During my stay with the Miyakes we visited many places and had lots of snacks. Traveling by Shinkansen to the Okayama Castle and its garden, it began to thunder violently. I felt the streets were going to flood! Every day we had succulent sweet peaches and grapes with lots of pudding since Okaasan realized it was my favorite dessert. The biggest surprise was when my host brother Keisuke came down to visit from his pilot training in Tokyo to visit with me and play with our pet beagle Ryoma! We walked together with my father every evening around the countryside and before I knew it, when the weekend arrived he showed me tickets to Tokyo! It was his gift to me! On Saturday morning Okaasan and I rushed through the mountains to the airport and made our way to Tokyo on our flight. When we arrived we travelled by boat to Tokyo Sky Tree and bought our tickets. It was one of the most breathtaking sights I've ever seen; they even had a restaurant on top! That same night there was a fireworks festival and thousands of people flocked to see the two-hour performance. We barely made it to our hotel by midnight.
The next day went by super fast. We traveled to Akihabara and managed to snag a time slot at a Cat Cafe! They were precious and so sweet. After shopping around at a Ghibli store and visiting shrines we had to bid goodbye to my brother Keisuke because he had to stay to finish his training. I finally hugged him goodbye and thanked him for his kindness. I will never forget the view of the city at night as I flew slowly away on the plane.
The Hiroshima trip impacted me greatly, mostly because the calm, but serious, atmosphere of the town of Hiroshima's peace memorial gave me shivers at the great history still lingering in the air. Though somber in memory, theoOkinomiyaki and Itsukishima shrine trip lifted my spirits with hope for a brighter future.

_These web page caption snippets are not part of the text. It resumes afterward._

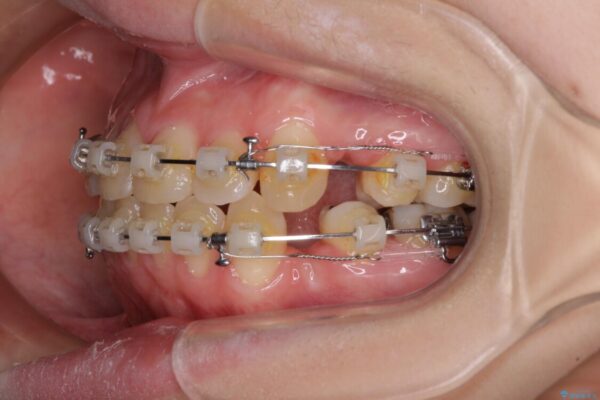 上下の出っ歯を治したい　ワイヤー装置による抜歯矯正 治療途中画像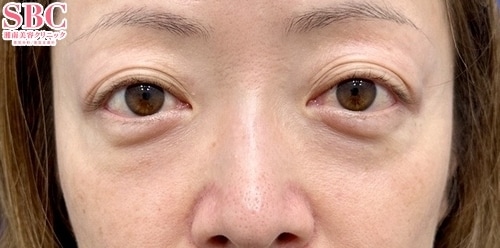 目の下の切らないクマ・たるみ(ふくらみ)取り、コンデンスリッチフェイス法(40代前半/女性)の術前の症例写真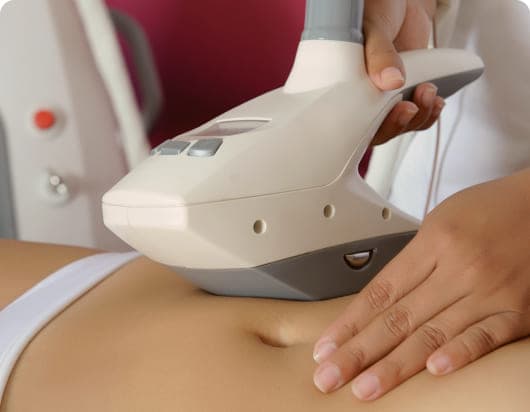 V-Fit Treatment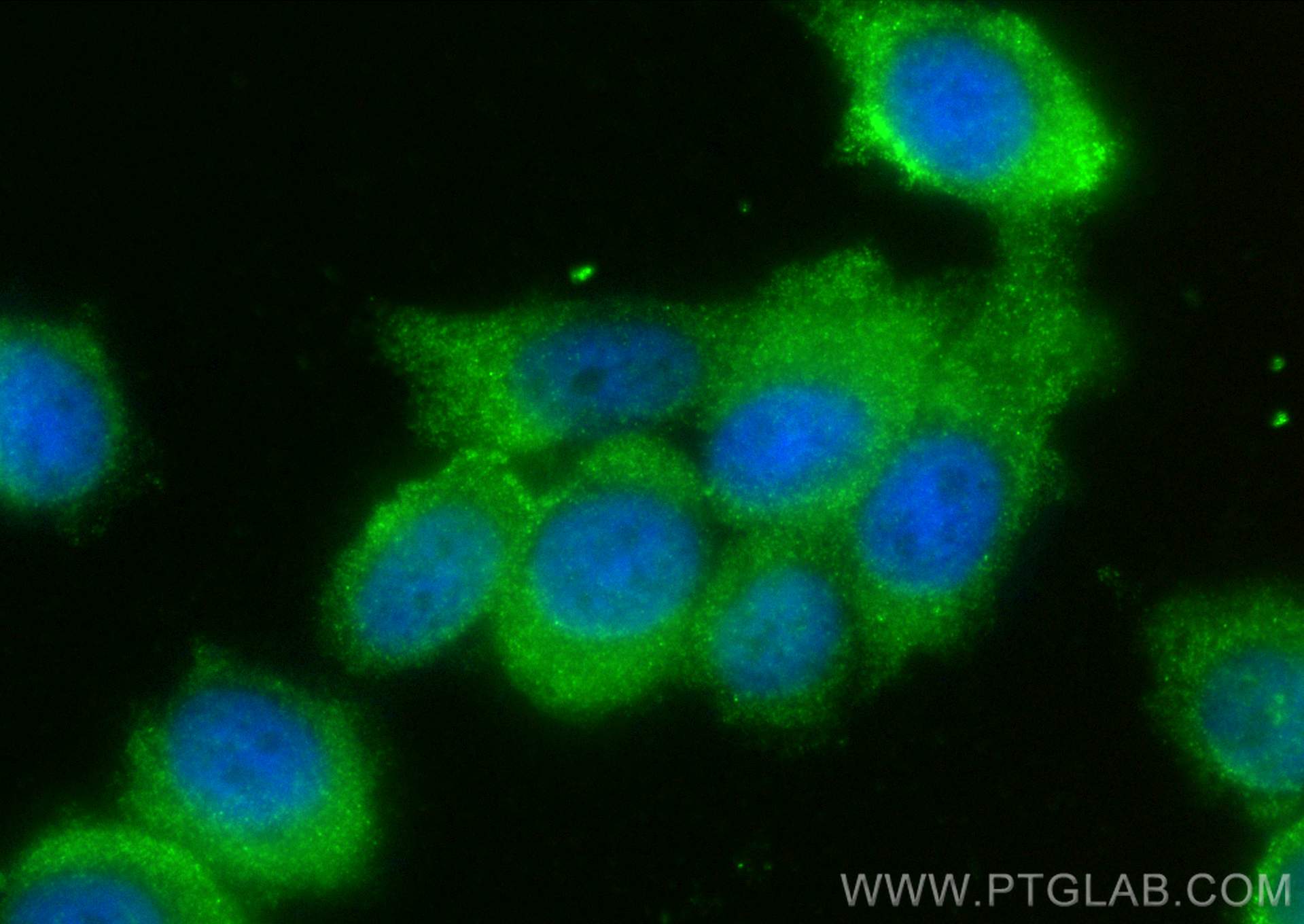 Immunofluorescence (IF) / fluorescent staining of PC-3 cells using ATPBD3 Polyclonal antibody (31537-1-AP)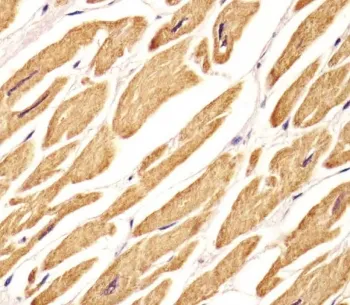 VLDLR Antibody / VLDL Receptor - image 1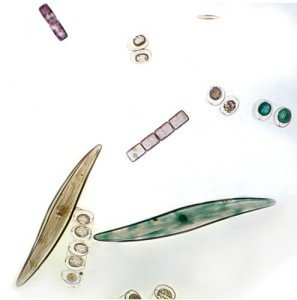 Freshwater and Marine Diatoms Microscope Slide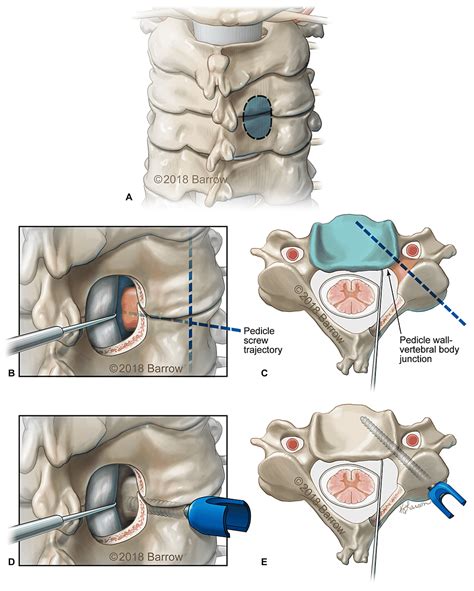 Cureus Technical Feasibility Of Subaxial Cervical Pedicle Screws For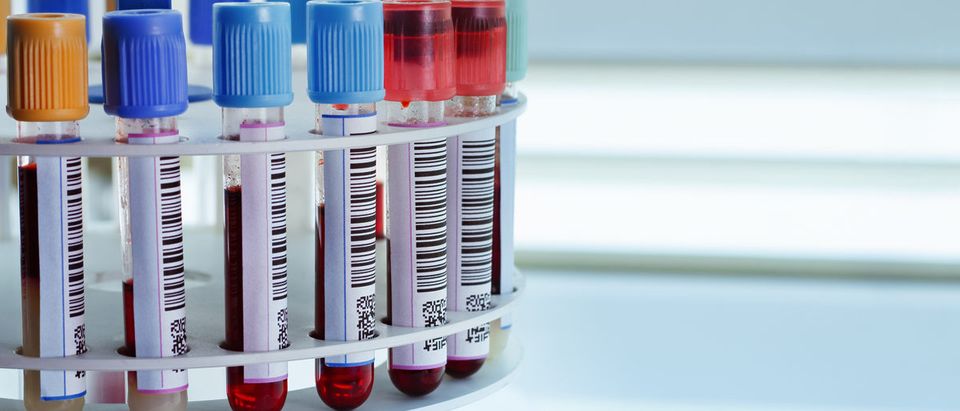 tubes prepared in lab centrifuge machine blood bank bloodtesttubelabmedicallaboratorysampledevicebiotechnologybiomedicalmachinecentrifugelabeldnahealthcarebiochemistryplasmasciencescientisthospitalequipmentrobotserumspeedresearchtraymanipulationanalysisappliancesbiologyblood bankcarecarouselchemicalclinicalcontainercopyspaceexperimenthealthinstrumentmedicinepharmacyplacerotatescientificshakespintechnologytoolShow more(Shutterstock)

When we met the Mayor and traded families at the city hall, my mother Yoshiko bade me farewell and the Grandma Matsushita picked me up with Yamato and Grandpa. Immediately I was pushed into a busy young family life greeting my father who is a massage therapist and my mother who is his assistant. Every day we were either going to the pool, visiting the hot springs, or touring the O-Seto Bridge. I met all three of my brothers and managed to beat every one of them at a Naruto video game. We laughed and ate out every night, telling jokes and learning about each other. Tenfuu had to leave for New Zealand but my mother and I talked about history a lot. I even helped Yamato with his English homework. Much more happened that I cannot type down, but they were beautiful memories.
When it was time to bid everyone goodbye I cried the hardest out of everyone. The day trip in Kyoto was wonderful because we got to sing karaoke with Benson and even see Geisha! We stayed up very late singing, laughing and shopping and lived every moment to the fullest.
The two families that became a part of my life will stick with me forever and their smiles and kindness I treasure every day. When we bid goodbye to Benson at the airport we hugged him fiercely because he, too, became a part of our family and journey. His contributions and jokes to ease us back into the culture were a huge help to all of us. To this day I send my host family packages every few months and letters filled with love and thanks for what they helped me learn and accomplish. Japan has taught me so much and I will once again return to say hello to those smiling faces in person someday. I look forward to a brighter future with this goal in mind.